_Task goal_
Copy out exactly, and only, the lines from the one containing "تشییع پیکر شهدای حملات آمریکایی-صهیونیستی" through the end of the entries. No pictures.
#### Exercise data ####
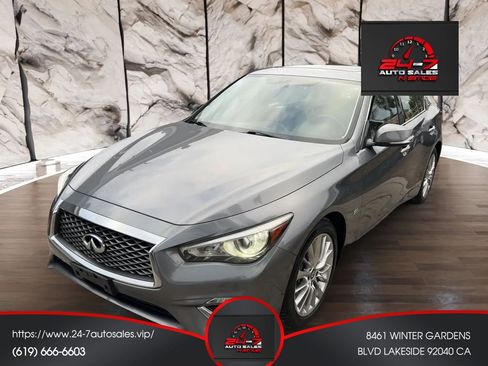Used 2019 INFINITI Q50 Luxe image 3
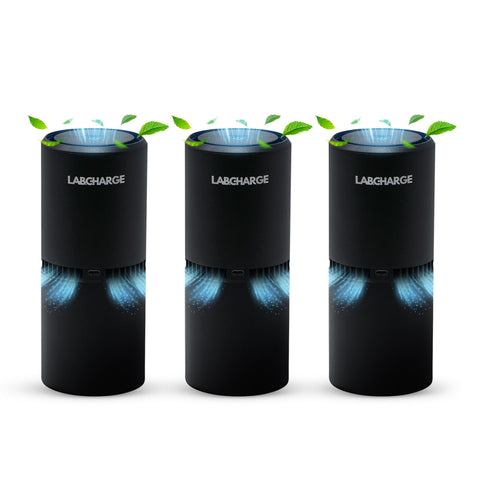 Lab Charge small ionic air purifier front view for quiet, filter-free air refresh.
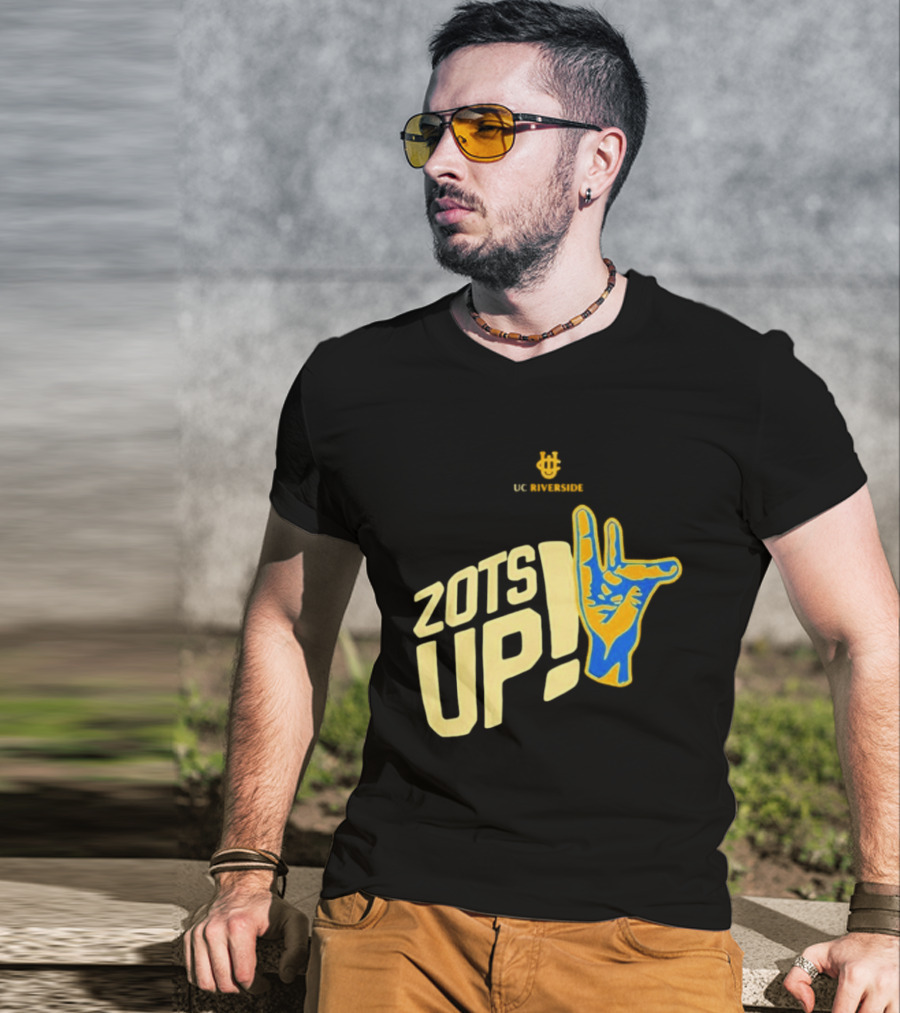 UC Riverside Zot Hand Sign Zots Up T-Shirt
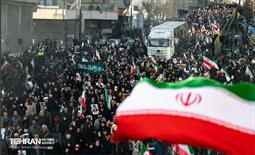 تشییع پیکر شهدای حملات آمریکایی-صهیونیستی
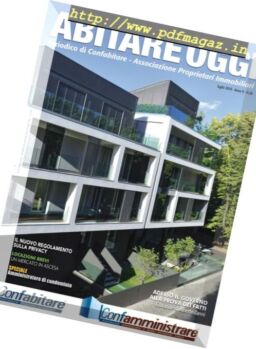 Abitare Oggi – Luglio 2018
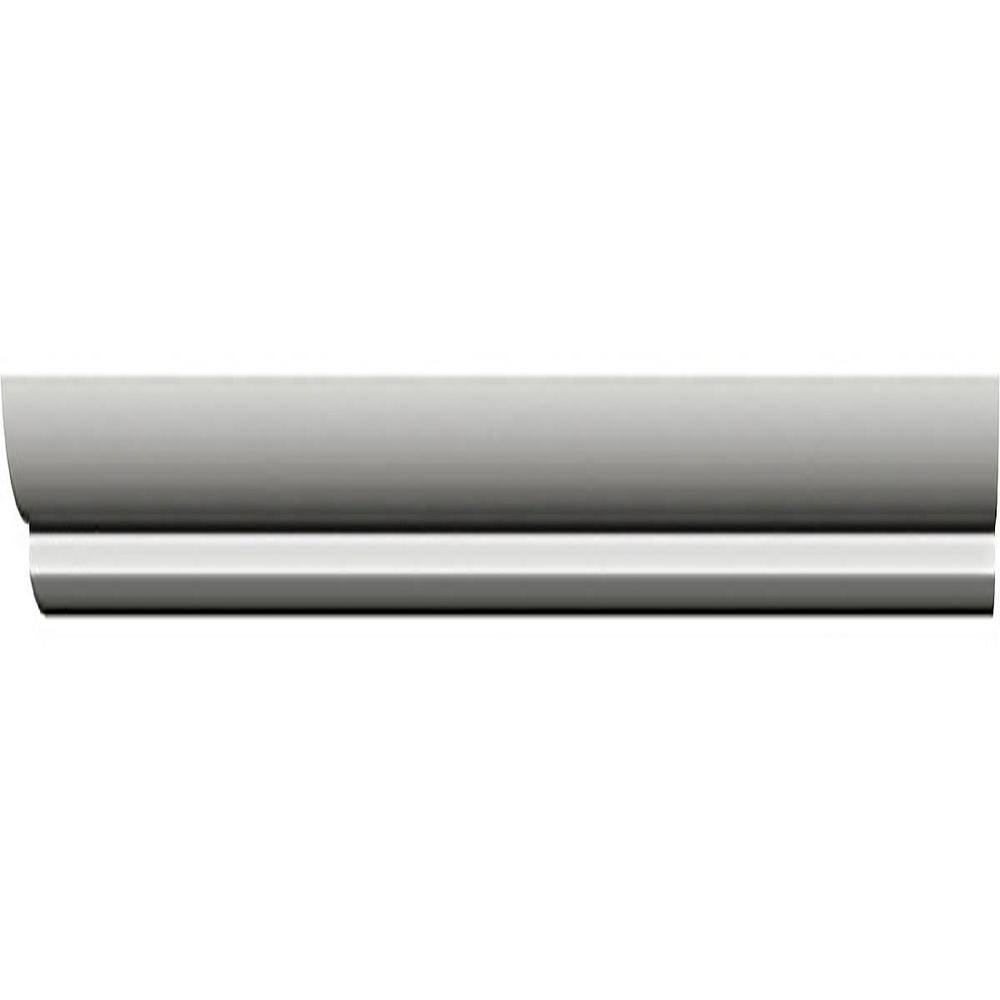 Ekena Millwork 3/8 in. x 1/2 in. x 96 in. Bead Moulding, PVC (20-Pack)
####
_Output of the exercise_
 تشییع پیکر شهدای حملات آمریکایی-صهیونیستی
 Abitare Oggi – Luglio 2018
 Ekena Millwork 3/8 in. x 1/2 in. x 96 in. Bead Moulding, PVC (20-Pack)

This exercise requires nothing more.